WHAT YOU HAVE TO DO —
Any pictures should be dropped; everything else in the records is to be returned exactly.

RECORDS —
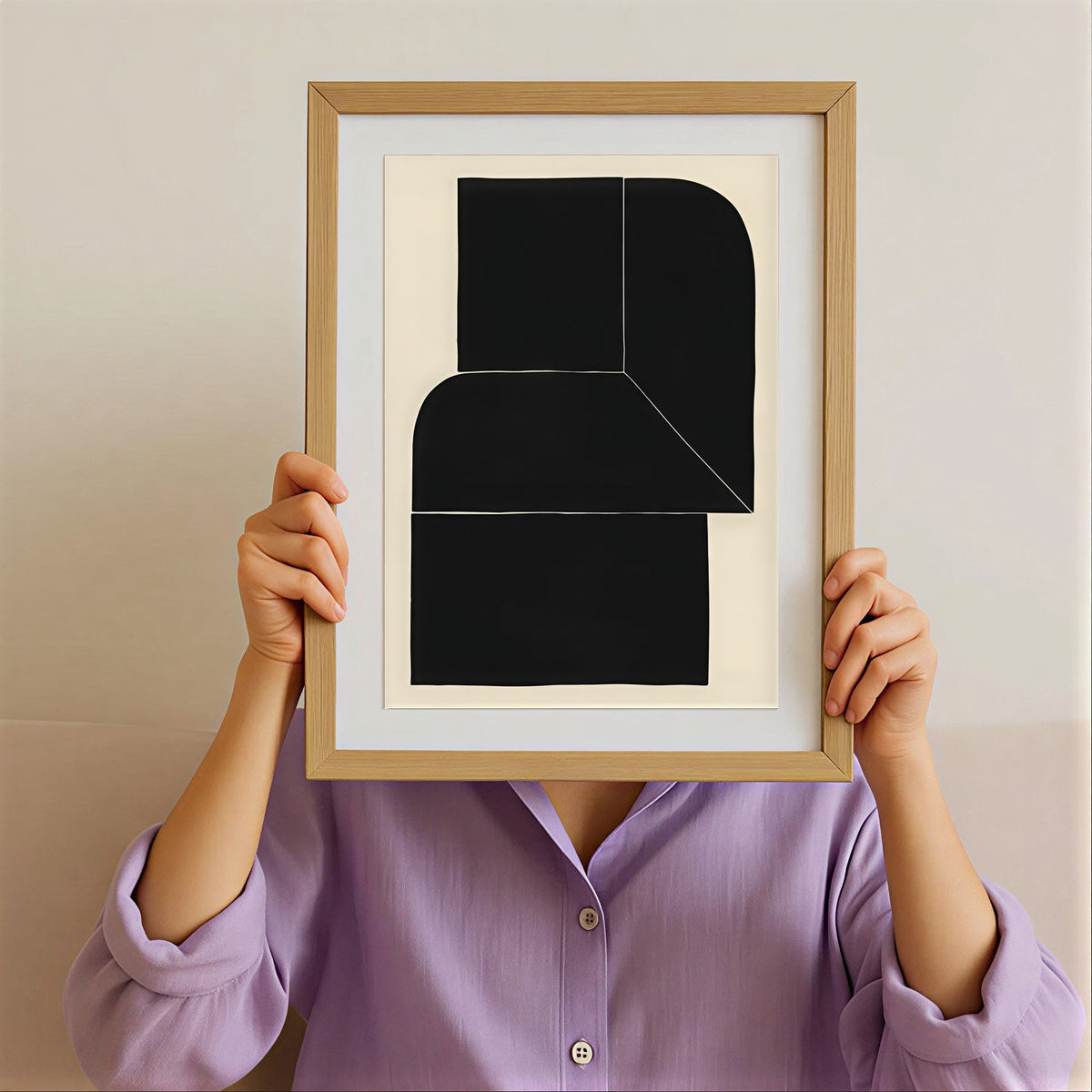 Lámina de arte abstracto minimalista en negro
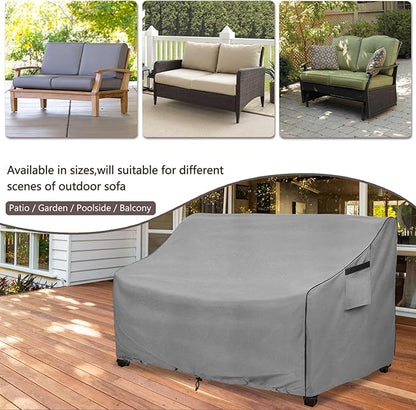 okcool Heavy Duty Patio Sofa Cover, 100% Waterproof 3-Seater Outdoor Sofa Cover Fits up to 76W x 32.5D x 33H Inches, Lawn Patio Furniture Covers,Grey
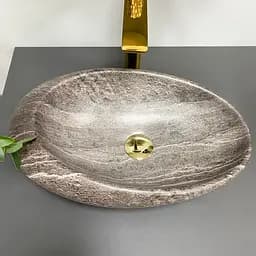 Умивальник VBI Vicenza dark stone matt накладний VBI-014804, Коричневий - мініатюра 2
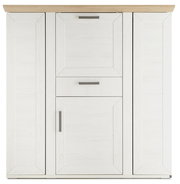 Frontale Ansicht eines weißen Highboards mit Karussell, Holzoberfläche und modernen Griffen.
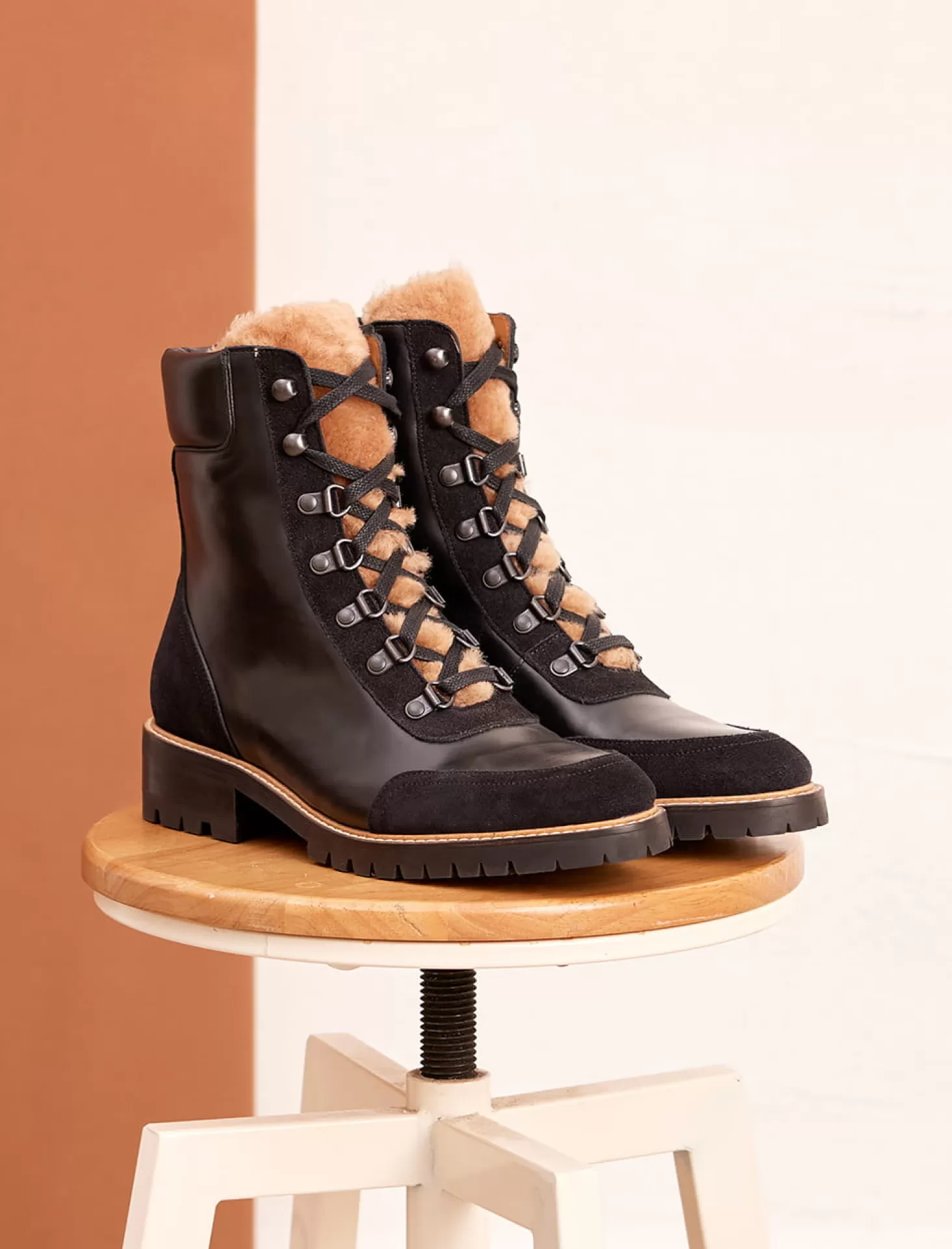 Pied de Biche Bottines Plates<Hermine Noir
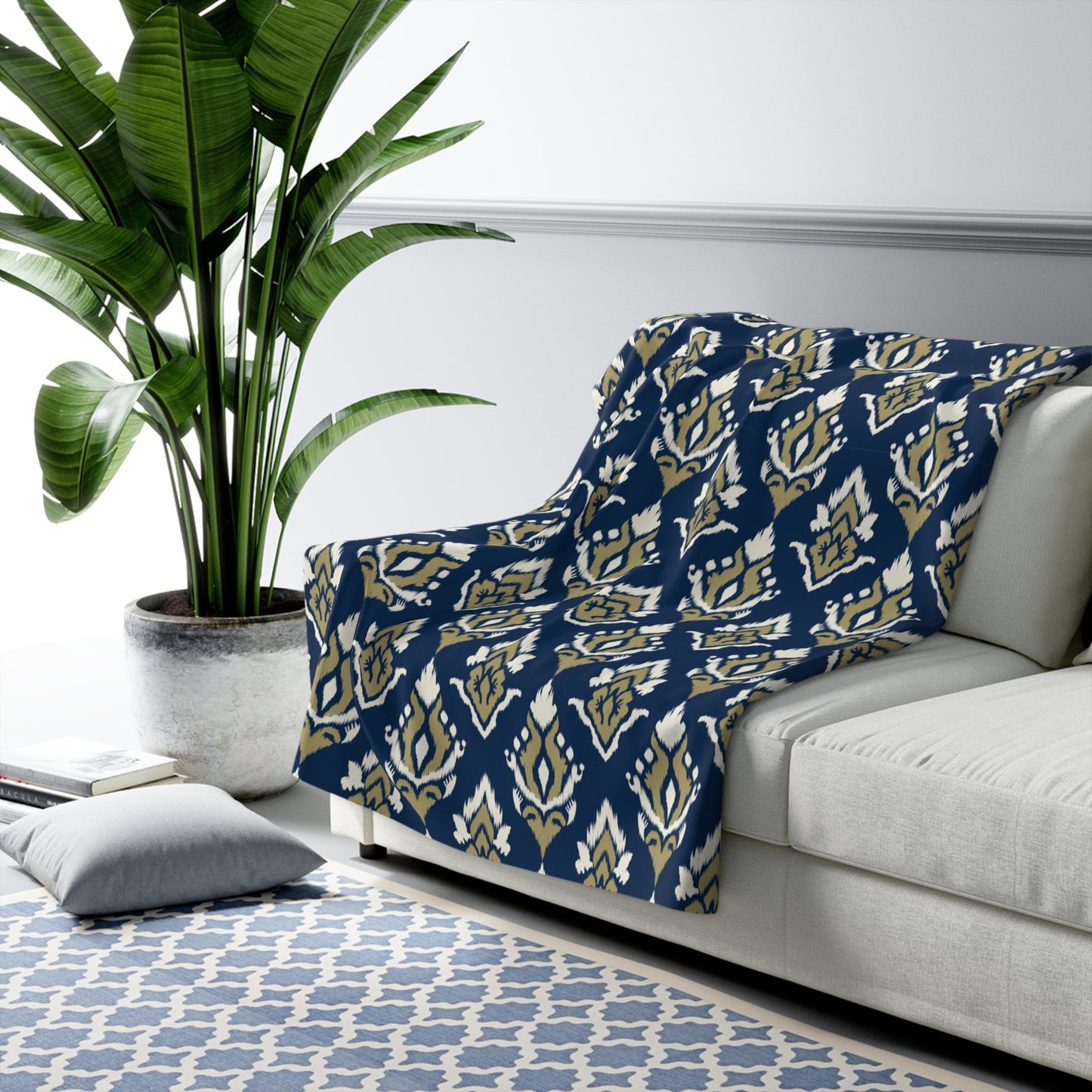 Sherpa Fleece Blanket | Blue & Gold | Ikat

EXERCISE RESPONSE —
 Lámina de arte abstracto minimalista en negro
 okcool Heavy Duty Patio Sofa Cover, 100% Waterproof 3-Seater Outdoor Sofa Cover Fits up to 76W x 32.5D x 33H Inches, Lawn Patio Furniture Covers,Grey
 Умивальник VBI Vicenza dark stone matt накладний VBI-014804, Коричневий - мініатюра 2
 Frontale Ansicht eines weißen Highboards mit Karussell, Holzoberfläche und modernen Griffen.
 Pied de Biche Bottines Plates<Hermine Noir
 Sherpa Fleece Blanket | Blue & Gold | Ikat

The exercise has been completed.